→ **Exercise goal**
A verbatim transcription of the listing below is required, without its pictures.

→ **Recorded data**

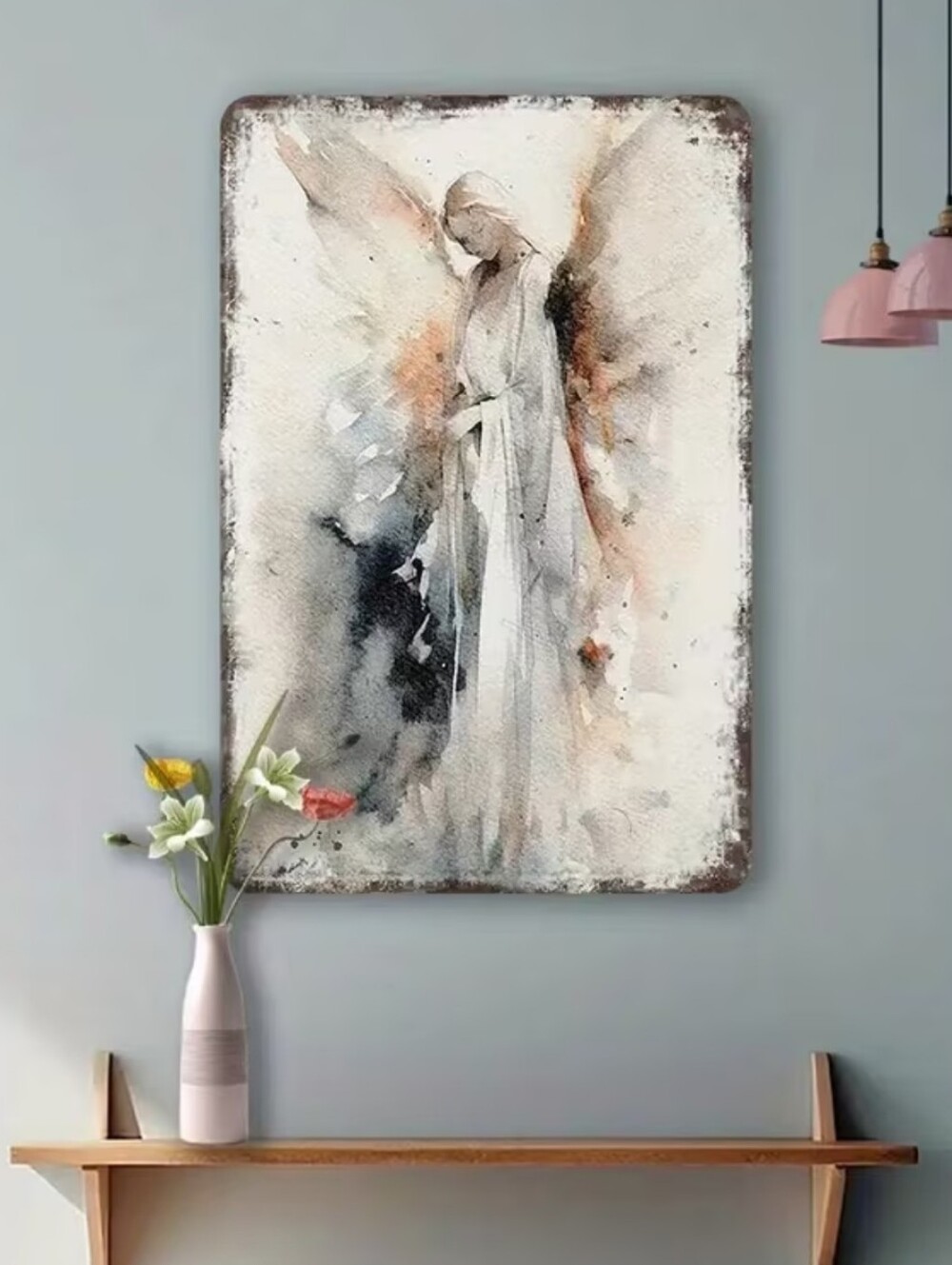Vintage Guardian Angel Wall Art-12"X 20" Metal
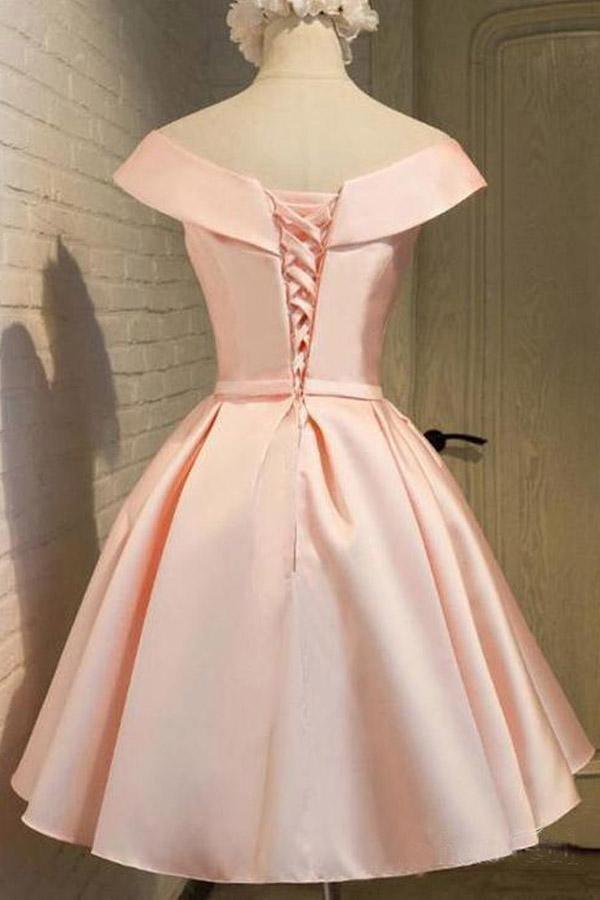 Simple Off the Shoulder Blush Homecoming Dresses Satin Graduation Dress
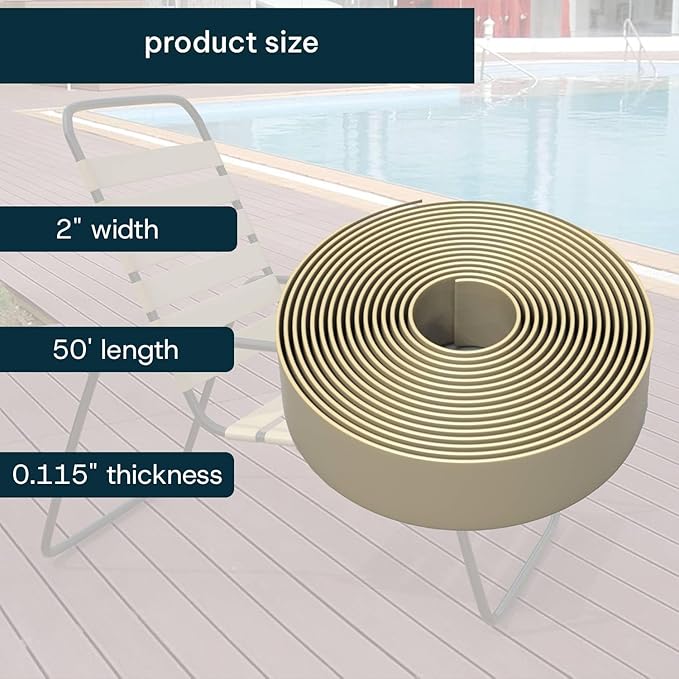 KOMORAX 2 Inch Wide, 50ft Long Vinyl Strap - Replacement Straps for Patio Chairs - Vinyl Strapping for Patio Furniture Repair - Durable Seat Repair Kit for Lawn Chairs, Outdoor Furniture (Driftwood)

→ **Solution to this problem**
Vintage Guardian Angel Wall Art-12"X 20" Metal
 Simple Off the Shoulder Blush Homecoming Dresses Satin Graduation Dress
 KOMORAX 2 Inch Wide, 50ft Long Vinyl Strap - Replacement Straps for Patio Chairs - Vinyl Strapping for Patio Furniture Repair - Durable Seat Repair Kit for Lawn Chairs, Outdoor Furniture (Driftwood)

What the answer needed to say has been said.